DESCRIPTION OF THE TASK |
Your answer must be the lines from the one containing "SUMAK SMK220/2 –" through the last line below, copied exactly, with no pictures.

>>>>>

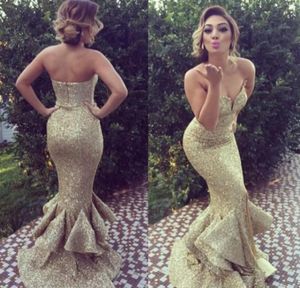 Elegante lovertjes prom -jurken Sparkly Champagne -pailletten Mermaid Fit Evening Pageant Party Jurken Plunging Sweetheart Neck Ruffle8579902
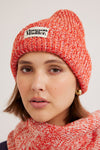 flecked yarn beanie - red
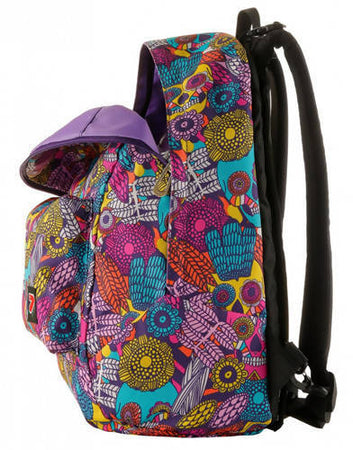 Zaino Scuila Seven The Double Skull Girl- Reversibile Con Cuffie Zaino 29 Lt Rosa Colorato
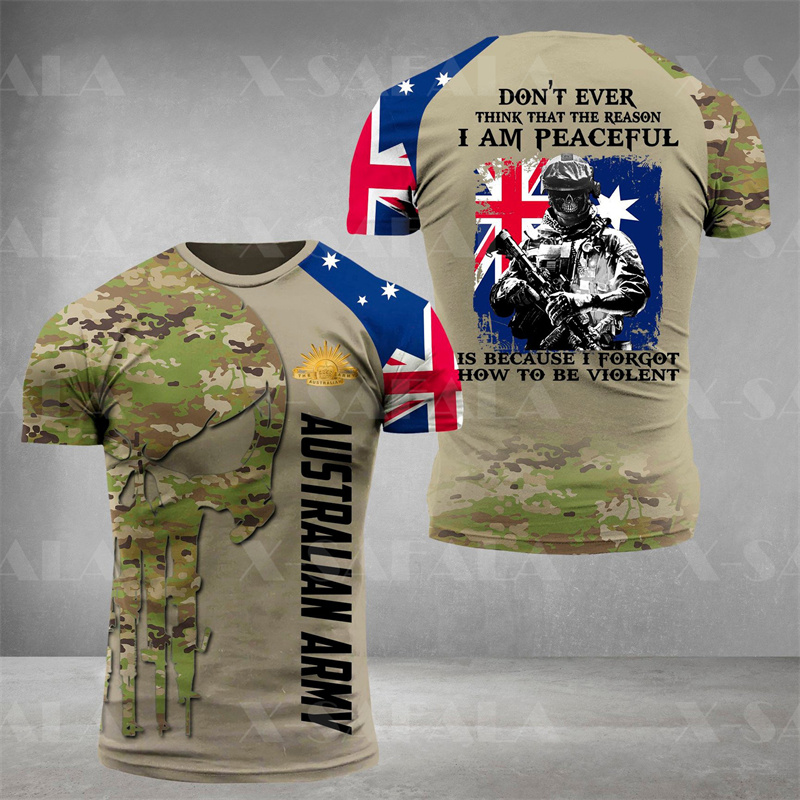 Australia Flag Skull Graphic T - Summer Clothing Australia ulasan dan harga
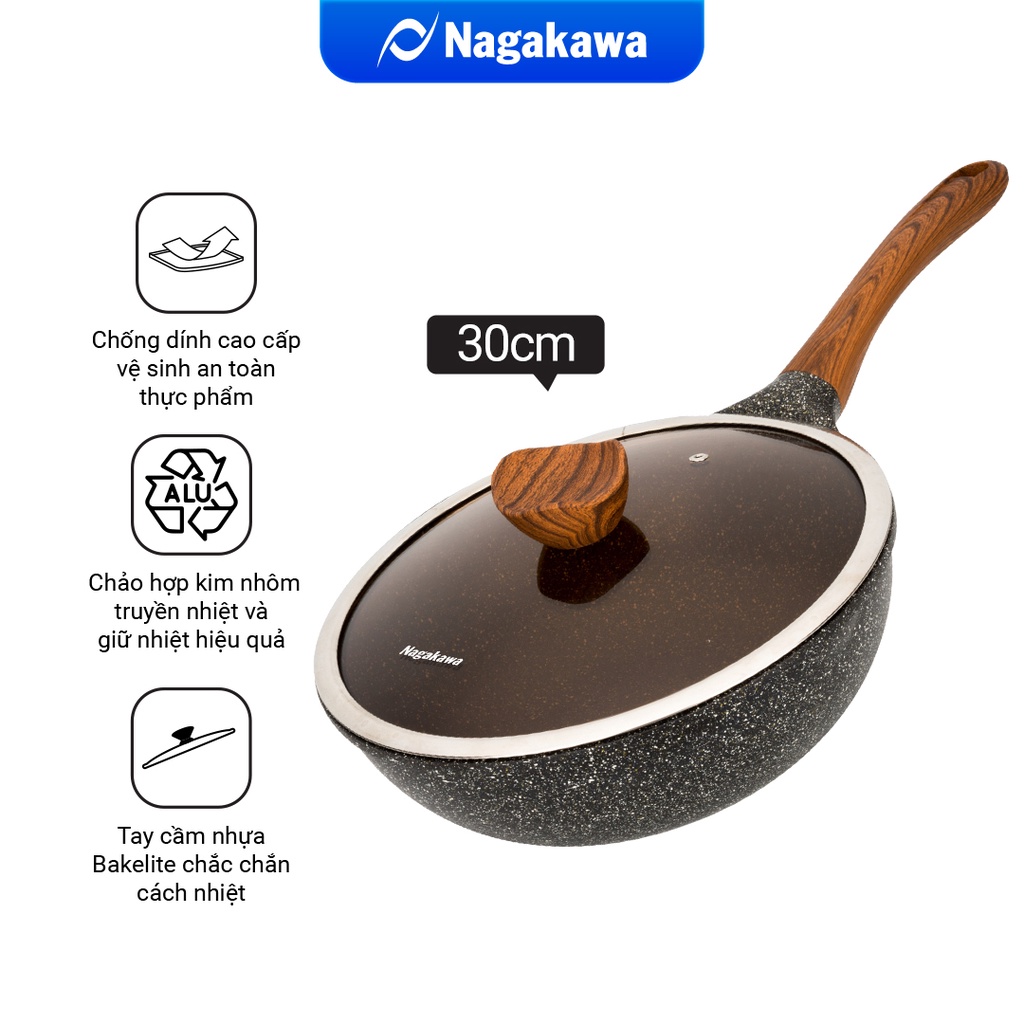 Chảo chống dính nguyên khối đáy từ Nagakawa NAG3054 (30cm) - Sử dụng được trên mọi loại bếp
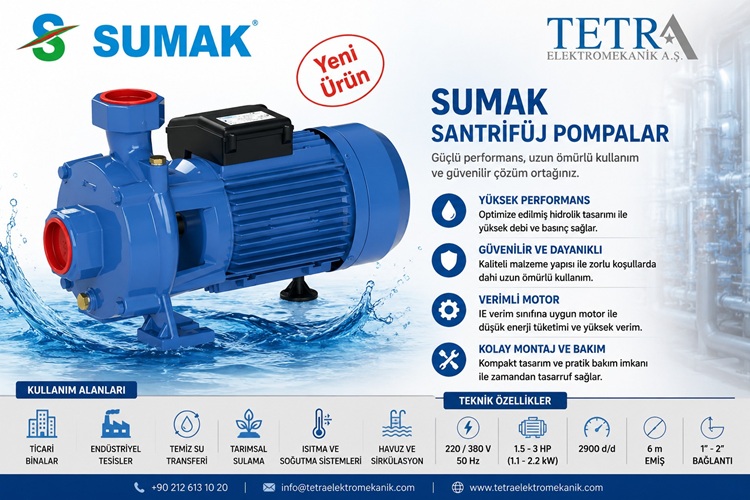 SUMAK SMK220/2 – SMKT220/2 ve SMK300/2 – SMKT300/2 Kendinden Emişli Santrifüj Pompa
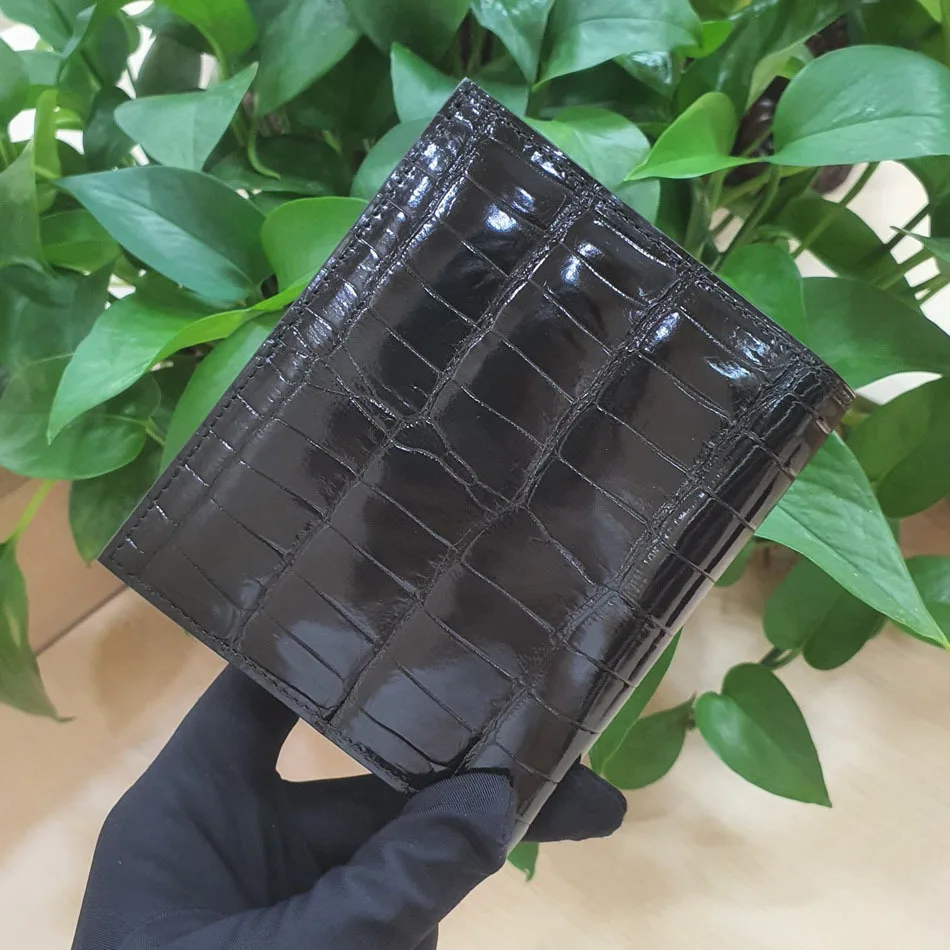 New Thai Fashion High Gloss Crocodile Genuine Leather Wallet Female Slots Business Bag Leather Vertical Bank Card Bag Purse Mens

<<<<<

RESPONSE AREA |
 SUMAK SMK220/2 – SMKT220/2 ve SMK300/2 – SMKT300/2 Kendinden Emişli Santrifüj Pompa
 New Thai Fashion High Gloss Crocodile Genuine Leather Wallet Female Slots Business Bag Leather Vertical Bank Card Bag Purse Mens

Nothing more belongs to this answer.